On some XP Pro installations, when connected to a network (peer-peer in this case), the computer boot time is over 1:40. The system seems to freeze after logging in and the desktop may not appear or will freeze for a minute. As timed with the utility, Bootvis.exe, the problem was with the driver mrxsmb.dll, adding over 67 seconds to the boot time. Turning off and restoring file and printer sharing eliminated 65 seconds from the boot time.

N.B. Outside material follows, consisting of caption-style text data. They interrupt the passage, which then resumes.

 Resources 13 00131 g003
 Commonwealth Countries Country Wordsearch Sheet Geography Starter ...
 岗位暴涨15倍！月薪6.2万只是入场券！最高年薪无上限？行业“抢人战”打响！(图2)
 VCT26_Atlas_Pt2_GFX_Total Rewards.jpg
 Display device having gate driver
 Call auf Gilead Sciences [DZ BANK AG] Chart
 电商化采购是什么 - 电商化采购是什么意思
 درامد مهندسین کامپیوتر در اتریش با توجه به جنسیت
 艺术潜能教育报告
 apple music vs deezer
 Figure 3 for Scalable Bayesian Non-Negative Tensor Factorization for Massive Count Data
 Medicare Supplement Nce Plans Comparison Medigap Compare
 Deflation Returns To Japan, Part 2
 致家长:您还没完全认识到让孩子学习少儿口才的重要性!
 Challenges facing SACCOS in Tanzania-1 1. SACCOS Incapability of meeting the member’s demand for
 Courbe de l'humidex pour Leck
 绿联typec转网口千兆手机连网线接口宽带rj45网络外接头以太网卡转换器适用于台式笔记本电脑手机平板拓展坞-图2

1. Alt-click (or right click) on Network Places > Properties
2. Alt-click on Ethernet Adapter connection > properties
3. Un-check "File and Printer Sharing for Microsoft Networks" > OK
4. reboot
5. If you need file or printer sharing, repeat the above, re-check the box and re-boot again.


also
There was a bug in windows 2000 that would cause the scheduled tasks folder to be searched when ever the user would browse network drives. Microsoft developed a fix for this bug. The fix fixed the problem and it also had nice side affect of speeding up browsing of Microsoft networks. Below are instructions how to apply the fix.

1. Open up regedit.
2. Navigate to HKEY_LOCAL_MACHINE/Software/Microsoft/Windows/Current Version/Explorer/RemoteComputer/NameSpace.
3. Find a key named {D6277990-4C6A-11CF-8D87-00AA0060F5BF}.
4. Right click on it and delete it.
5. Restart


and finnaly
You may experience extremely long delays (up to 5 minutes) when logging into domains using Windows XP Pro. This is caused by the asyncronous loading of networking during the boot up process. This speeds up the login process in a stand-alone workstation by allowing the user to log in with cached logon credentials before the network is fully ready.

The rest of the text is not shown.